From that point on, still too young to be on his own, Redkit was tossed around the nursery like a piece of prey between queens, all of which who flat out refused to adopt or take him in before being robustly order by the Clan leader, Crowstar who, to appease the queens, set up a system where Redkit would be swapped from queen to queen at the end of every full moon cycle. This compromise was enough to get the queens to agree, but if they had to take him in he was always forced by them to sleep as furthest away from them and their kits as possible.
It was around this time that I started to detect this flare of animosity coming from several other cats within the Clan. I didn't know what had caused it, what it was that I'd done to upset them all so, but all I knew for sure was that I would've done anything in my power during those times to fix it. I just wanted them to accept me.
The rest of the Clan treated him in a similar fashion, cats avoiding him as if he carried a disease, with the elders going as far as to bar him from their den without reason when he just wanted to share in hearing the tales that they told the other kits in such finesse detail. Why couldn't he join in and have the same privileges as the other kits? Why would none of the warriors ever meet his eyes when he spoke to them? What had Redkit done wrong?
He wasn't sure why. Not even now after nearly five moons had passed. He may have been use to the notion of seclusion but it still didn't numb the feeling of sadness that sat tight in his chest, aching like an insect burrowing its way inside and then deciding to make its home there. In a Clan where it seemed like everyone avoided him, there was no way to escape it.
Redkit had one last hope to win them over though. It was something that he had fantasized over and envisioned for the last five moons. When he finally became an apprentice everything would change. Just wait and see.

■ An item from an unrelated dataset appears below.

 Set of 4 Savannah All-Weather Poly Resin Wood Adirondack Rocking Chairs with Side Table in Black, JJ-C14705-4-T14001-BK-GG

He was going to do everything physically possible to sway whatever negative perception that Clan had of him. Redkit was going to prove to them that he was a helpful, necessary contribution to the entire inner workings of the Clan.
That's all he wanted. In the depths of his determined mind, Redkit truly believed that it was possible. He just wanted to prove to them that he wasn't worthless.
And I had meant it. I just wanted to prove to them all that I was more than what they saw. Unfortunately for me, however, I didn't know the circumstances to why the Clan behaved the way that they did around me. If I'd known at that time what they did, then it probably would've prepared me better for the disastrous outcome of how my apprentice ceremony panned out.